Güzel, madem ki bu kadar ısrarcılar, o zaman sözü kendilerine bırakalım.
Hükümeti destekleyen medyada son 5 yılda kaç tane Yimpaş haberi çıktı sayalım.
Sitelerindeki arama sonuçlarına göre, Yeni Şafak’ta 97, Zaman’da yüzlerce haber var.
Çok azı Yimpaş’ın küçük ortaklarının paralarını alamaması ve takip eden krizle ilgili.
Yeni Şafak 12, Zaman 15 haberde bu meseleye değiniyor.

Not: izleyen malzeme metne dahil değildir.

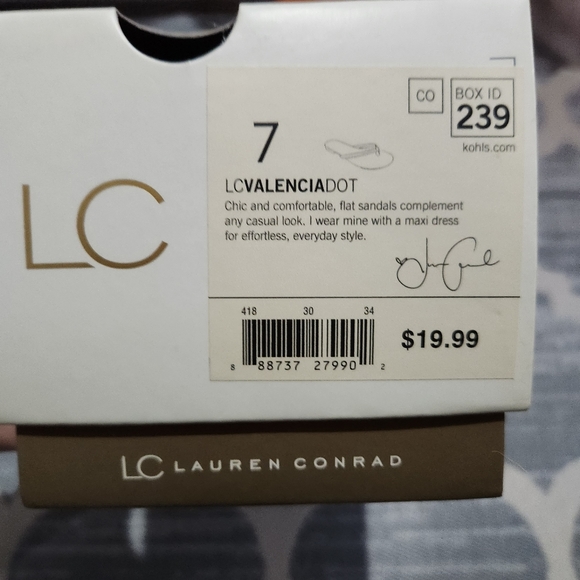 NEW LC LAUREN CONRAD VALENCIA DOT SANDAL SIZE 7 - Picture 2 of 5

Gerisi mağaza açılışı, tören, maç haberi.
Ezcümle, hükümet Yimpaş’la ilgili tek adım atmıyor, destekçisi medya sessiz kalıyor.
Üstelik bir de Yimpaş rezaletini yazanlara çamur atılıyor.
Neden bu asabiyet?
Çünkü Yimpaş aslında bir töre cinayeti.
Kol kırılsın, yen içinde kalsın...
On binlerce yatırımcının mağduriyeti duyulmasın, saklansın isteniyor.
* * *
Başlığa ilham veren cümle, İttifak Holding Yönetim Kurulu Başkanı Seyit Buğa ile sohbetten çıktı.
Seyit Buğa, 1990’larda yükselen yeşil bankerliğe hep kuşkuyla baktı, açıkça eleştirdi.
Dün telefonla konuşurken o dönemi, "sahtekár ile tamahkárın ortak eseri" diye tarif etti.
İttifak Holding Başkanı, Zaman’la aynı bünyede yayımlanan Aksiyon Dergisi’nin 1999 yılında yaptığı kapak haberde yeşil bankerlerin yaklaşan sonunu açıkça ilan etti, uyardı.
Peki aradan geçen sürede neden kimse önlem almadı?
Seyit Buğa’ya göre, "çatışmacı zihniyet" yüzünden. Buğa ekliyor: "Namus cinayeti diye bir kavram bile uydurduk. Ne dine münasip, ne de insanlığa... Ama var işte böyle bir kavram."
* * *
İslami etiketle para toplanmasını en şiddetli eleştiren isimlerden birisi de AKP Tokat Milletvekili Resul Tosun. Tosun, 1999 yılında Milli Gazete’deki köşesinde "yakında batarlar" diye yazdı. Tosun bugün o yazıyı hatırlarken, "2-3 yıl ömür biçtim, daha kısa sürdü" diyor.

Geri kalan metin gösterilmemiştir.